Sweetens Cove Golf Clubthe beloved nine-hole course in rural Tennessee faces a familiar question for punk-rock bands hitting commercial dirt: how do you appeal to a growing market without compromising what made you famous in the first place?
It’s a fine line, but Sweetens has been using it. Born in 2014 as a pitching operation west of Chattanooga, the course shed its underdog status fairly quickly. Instagram helped with that, flooding feeds with eye-catching posts from the game’s fledgling pool of influencers. When, three years later, New York Times fell with the coverage of the features of Rob Collins/Design by Tad King, Sweetens’ mainstream status was firmly sealed. Never mind that golfers — and golf writers — continued to refer to him as a “cult favorite.” The course had become a scam.
Today, Sweetens belongs to an ownership group that includes Peyton ManningAndy Roddick and Reef Capital Partners, a prominent real estate investment and development firm. It is a growing business. But its brass seem intent on staying true to the property’s original ethos, as recent expansion plans make clear.

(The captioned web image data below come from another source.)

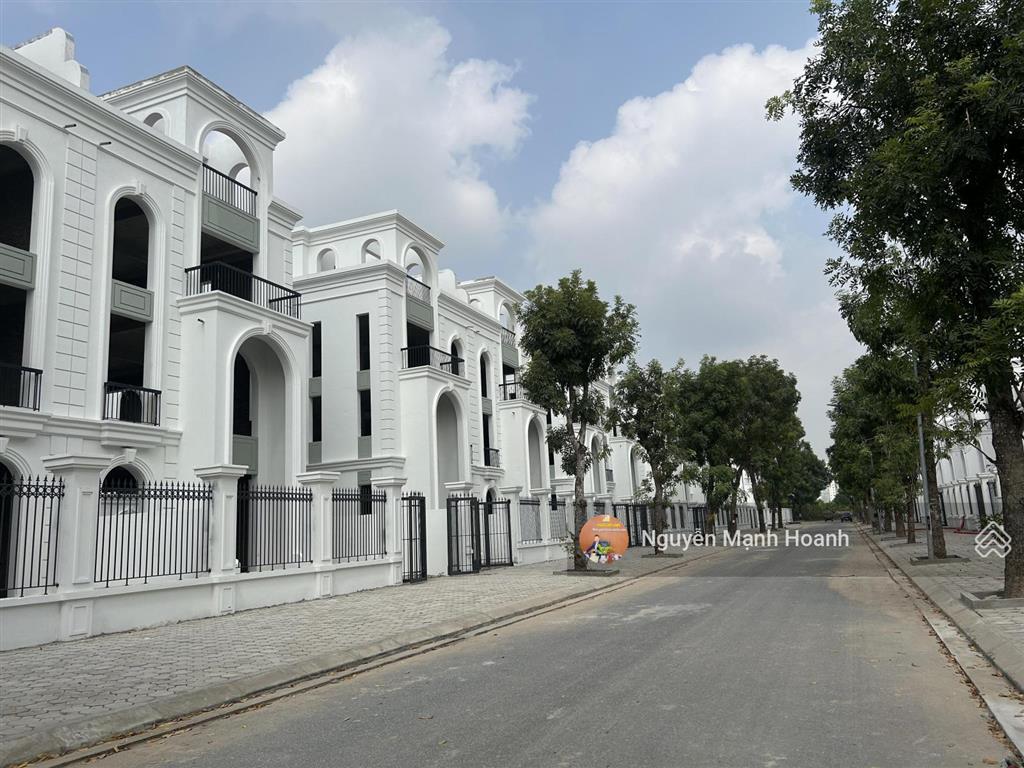 Bán biệt thự thanh hà 200m 4 tầng 15 tỷ kiến hưng, hà đông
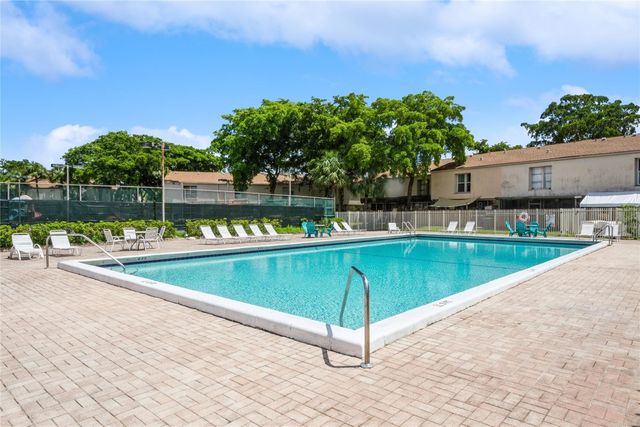8208 NW 8th Place 4, Fort Lauderdale, FL 33324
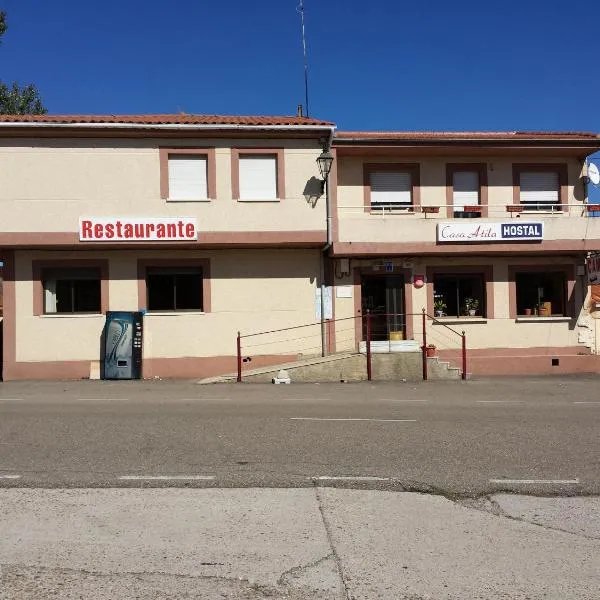 Hostal Atila, hotel a Pino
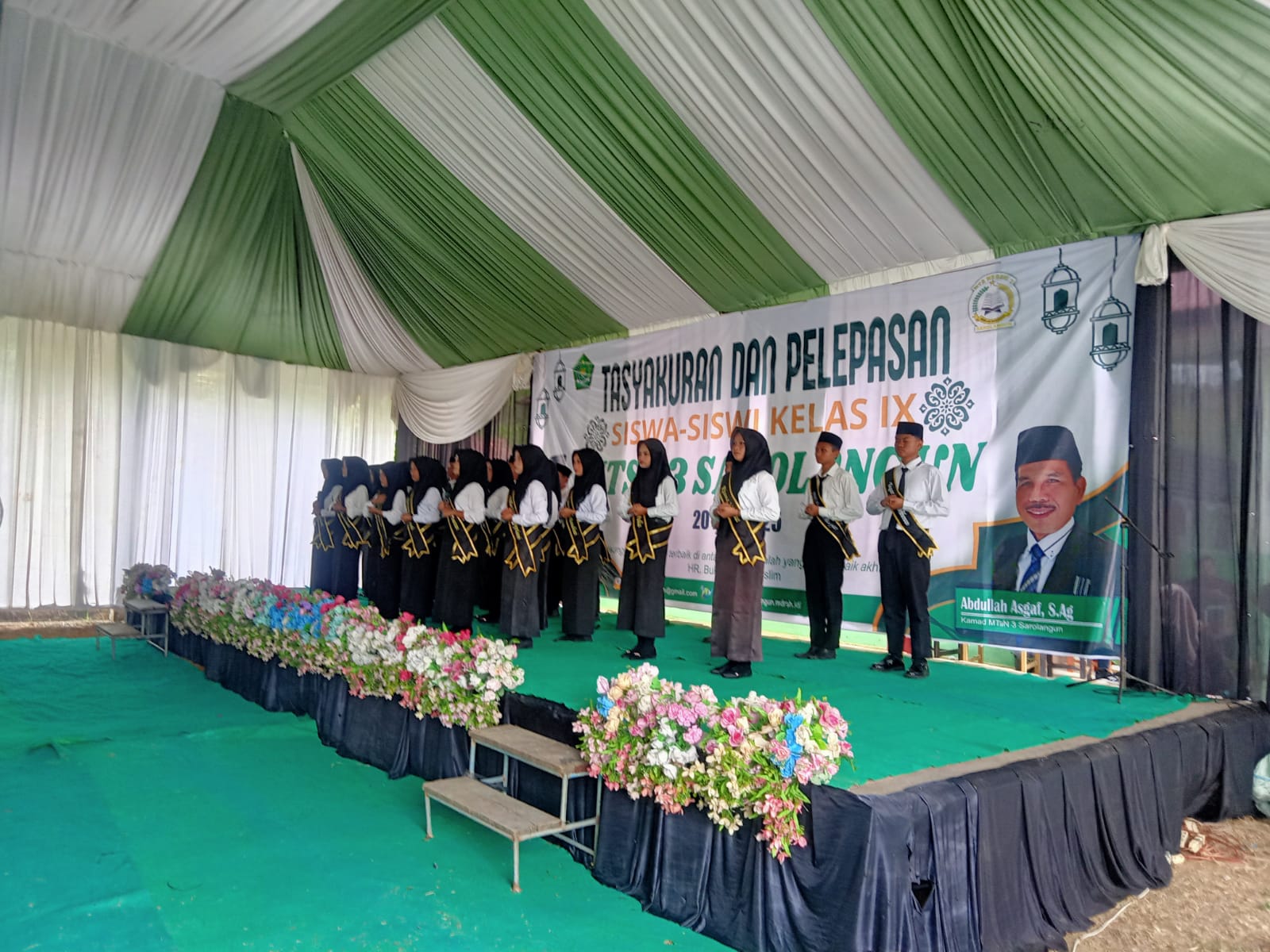 TASYAKURAN DAN PELEPASAN SISWA- SISWI  KELAS IX MTs. N 3 SAROLANGUN TAHUN 2025.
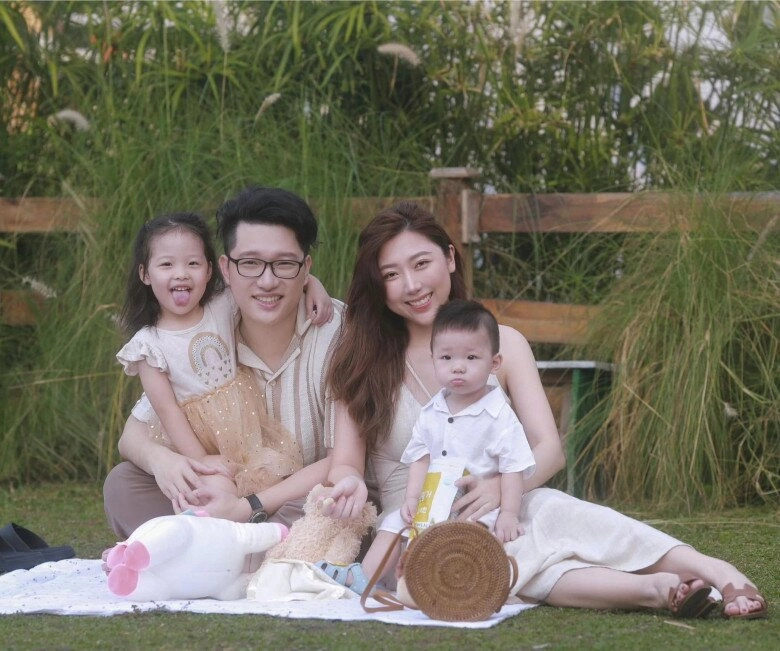 Em gái mc trấn thành khoe chồng ngoại quốc sung sướng như bà hoàng sinh 2 con được ba xìn cưng như trứng - 7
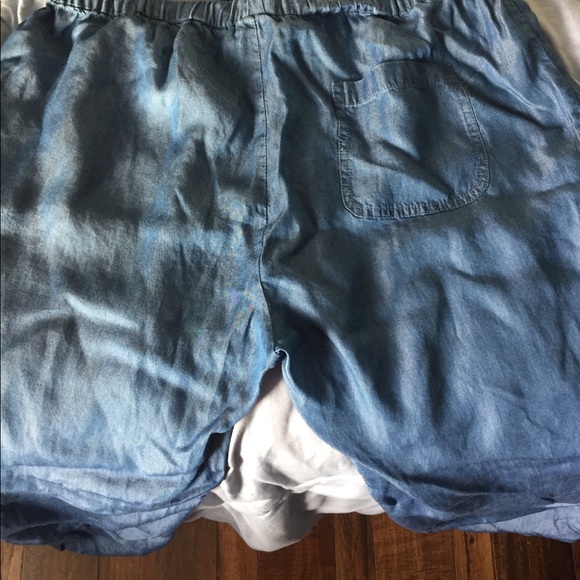 Pants - Picture 2 of 4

The project, which was released earlier this month, calls for what might sound like familiar things: more golf, more gear, more merchandise, etc. However, look closer and you see that the line items are very much on brand. Topping the list is a new 13-hole short course, designed to overlap with the existing 9-hole course to allow play across the venue to choose your pleasure – a hallmark of the original Sweetens experience.
Other additions include what are described as a “random” collection of “collection sites”. A restaurant and bar are in the works, along with a bottle shop and micro-distillery, all the better to showcase the line of spirits that Sweetens launched in 2020.
Since it opened, Sweetens has been a day trip destination. That is set to change. Plans also call for the property’s first “hospitality experience” — the press release talks about accommodations in the form of one-bedroom cabins with single or double occupancy. They are scheduled to open in phases starting late next year, followed by a putting green, three golf simulators, clubhouse equipment and retail. Along the line, a fishing pier, a shooting range and an octagon-shaped barn and event space will also be built. You get the picture. Sweetens aims to be a stand-up and complete game. Or, as Collins puts it, “the ultimate 24-hour golf course.”
What won’t change is the operating model, which is built not on traditional reservations, but on all-day passes, with no weekend appointment times. In recent years, those passes have sold out for the season almost as soon as they were issued.
Early adopters — whether they discovered a group before anyone else or found a golf course before the Instagram crowd did — tend to be a proprietary group. They are the first to evangelize and the first to cry sell-out when they think the object of their affection has lost the plot. Apparently, Sweetens’ ownership understands what it’s sitting down for and is proceeding accordingly. The Dead Kennedys managed to build a strong following without softening their edges or alienating their original fans – no small feat for a band that made a point of being non-commercial. Sweetens strikes me as something closer to Golf Green Day, now more pop than punk, but still proud and protective of its roots.
3 things I’m thinking
Holding the line at Bandon: Many people build courses for the love of the game. But let’s be real – they’re also in it for the money, and there’s a lot of that on golf trips these days. Given the demand at major resorts, a place like Bandon Dunes can raise its rates significantly and sell out again in an instant. Which makes this news particularly refreshing. In an era when most bed and breakfast properties increase their prices every year, Bandon has decided to stay consistent. Green fees at the Oregon resort — currently ranging from $130 to $375 depending on the season — will remain unchanged in 2027.
Tiger funds: Private equity doesn’t own everything in golf. It just seems that way sometimes. If the name Reef Capital sounds familiar, for example, that’s because it keeps coming up. In addition to Sweetens, the firm’s portfolio includes Black Desert Resort in Utah (where expansion plans are also underway), Cornerstone Club in Colorado and Marcella Club (also in Utah), where a TGR Design course opens in July. Now comes word that Reef Capital’s Tributer Resort in central Virginia has tapped Woods for a second private layout — an 18-hole course that will join the existing Cutalong Golf Club. Construction is scheduled to begin in 2028.
East Lake and beyond: Practice times are a way to experience special courses. Tournaments are another. In that vein, ESPN is reporting that the Tour Championship — long held at East Lake Golf Club in Atlanta — will remain at that location until 2027, but that the Tour is exploring the possibility of moving the event to brighter quarters. Valley of the Pines, Cypress pointand Seminole are among the names being churned out by the fast-moving Internet rumor mill. It sounds far-fetched. Then again, you would have said the same thing if we had told you years ago that Augusta National would one day allow influencers to throw Frisbees around Amen Corner.